У фильма кэрроловский эпиграф: «Все мы, любовь моя, лишь состарившиеся дети, которые мечутся перед тем, как обрести покой».

Книжная лавка у ступенчатой парижской улицы. Гробовая доска лавочника прислонена к витрине. Оттуда за его сыном Тони, карабкающимся по ступеням с мешочком стеклянных шариков, наблюдает плакатный чеширский кот. Тогда же появляются и зеваки. Это цыганята, веками мимикрирующие под фундаментальный хаос мироздания с помощью многоцветных лохмотьев, воя скрипок и жалеек. Пока однажды балаганный декор с бреющей высоты не корёжится летным панцырем Тони. Он стал любопытствующим пилотом. Космическая сила обрушилась на кочевые навыки. Однако цыгане преследуют сверхчеловека. Тони мечется по непредсказуемой траектории в Старом и Новом свете, попадая в финале в захолустный канадский притон, под заколоченной вывеской «Чеширский кот», где на лестнице, усыпанной скользкими шариками, уподобляется кэрроловскому зайцу, падающему в шулерскую нору.

 

 

«Образы» / «Images» (Олтмен, 1972)

Осень соткала гобеленовые ландшафты невинной Аркадии, куда томная фантазия домохозяйки Кэтрин вскоре поместила единорога.
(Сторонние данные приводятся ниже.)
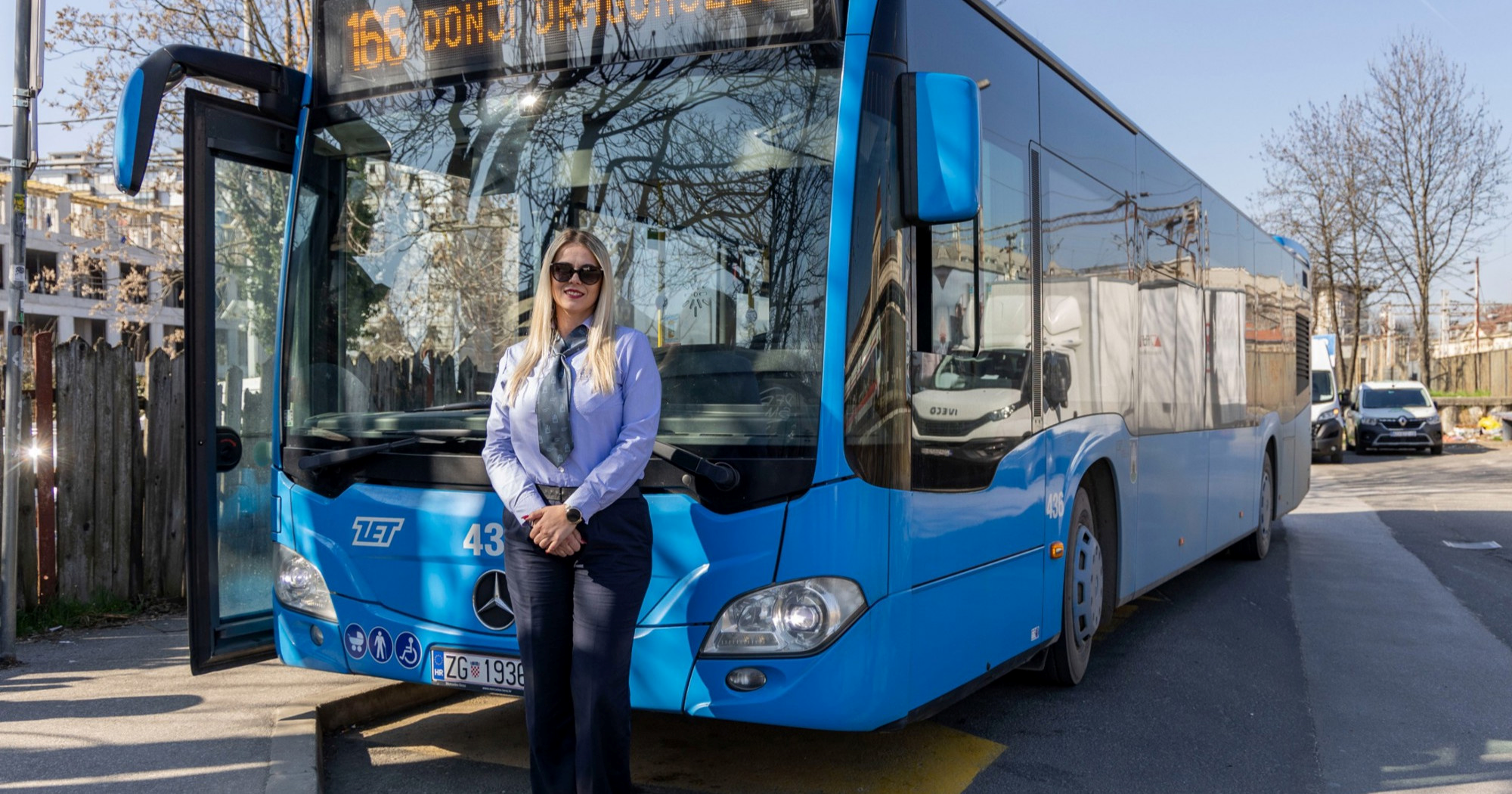 Magdalena, Rozalija... One ruše glupe stereotipe za volanom tramvaja i kamiona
Но если парнокопытный любитель девственниц встретит ветреницу, ту ожидает неминуемая кара. А так как мозговая арабеска самодеятельной писательницы получила и телесную крепость, предназначенную для выкидыша – плода греха Кэтрин, говорливый зверь смог разорвать границы породившей его психики. Прыснувших оттуда галлюциногенных ловеласов, Марселя и Рене, он вначале преследовал в неоформленном состоянии, руками, ножом и ружьем героини, но, обретя после её выстрела голову серны с обломанным рогом, всеми лошадиными силами автохозяйки смог столкнуть отпочковавшегося от Кэтрин двойника в пропасть, где тот обернулся Хью, разбившимся мужем героини, её второй, отвратной единорогу половиной.

 

«Белянка» / «Blanche» (Боровчик, 1972)

Замок Икс вытянул своими контрфорсами и закрепил балками столь идеальные пропорции окружающей живописной долины, что в нем самом, посезонно вымораживаемом и выпариваемом, точно в алхимическом тигеле началась вторичная ректификация природных сил – появилась Белянка (Бланш). Этот чистейшей прелести чистейший образец так гармонично вписывается в золотые сечения готических сводов и бойниц, что, как бородка ключа, начинает раздвигать замковые укрепления, стены ходят ходуном, замуровывая, к примеру, Бартоломео, незадачливого кавалера из свиты прибывшего в замок короля. Королевская инспекция это рутинные копуляции и перфорации (фальцетом миннезингеров, кинжальными зубьями и пр.), в попытке противостоять самовольному расползанию вассальной волынки. Защемленные ею, как автоматическим органом, конечности вертопраха приходится вытягивать лошадиным хвостам местного феодала, мужа Белянки, разносящим их по всем углам его ревнивой вотчины. Образовавшаяся же от каменной натуги едкая выпарка капает в бокал невинной жены.

 

«Красава» / «Belle» (Дельво, 1973)

Поэт-краевед Грегуар – архивариус беспробудного муниципалитета на валлонских болотах. Он любит отзывчивую жену Жанну и обожаем просвещённым земством. Тикает табакерочная жизнь, разворачиваясь по механической спирали, и вот уже шелконогая дочь героя, Мари, став невестой бартолюбивого хиппи, в одних лишь чулках в сеточку выскакивает на колею снов отца, точно уробороса, укусившего себя за чешуйчатый хвост. Испуганный Грегуар, покинув город на взмокшем Вольво, попадает в болотный морок. В испревшем сарае встречает то, что только и может вырвать из колеи провинциального буквоеда – безъязыкую красаву, страдающую от трясовиц и космача. Лишь одно слово она произносит – аргентум, заставляющее подозревать, что за пряным дурманом откроется и трясина, полная хтонических страстей. По весне там бледной ладошкой будет помавать Грегуару утопленный соперник.

 

 

«Дух улья» / «El Espíritu de la colmena» (Эрисе, 1973)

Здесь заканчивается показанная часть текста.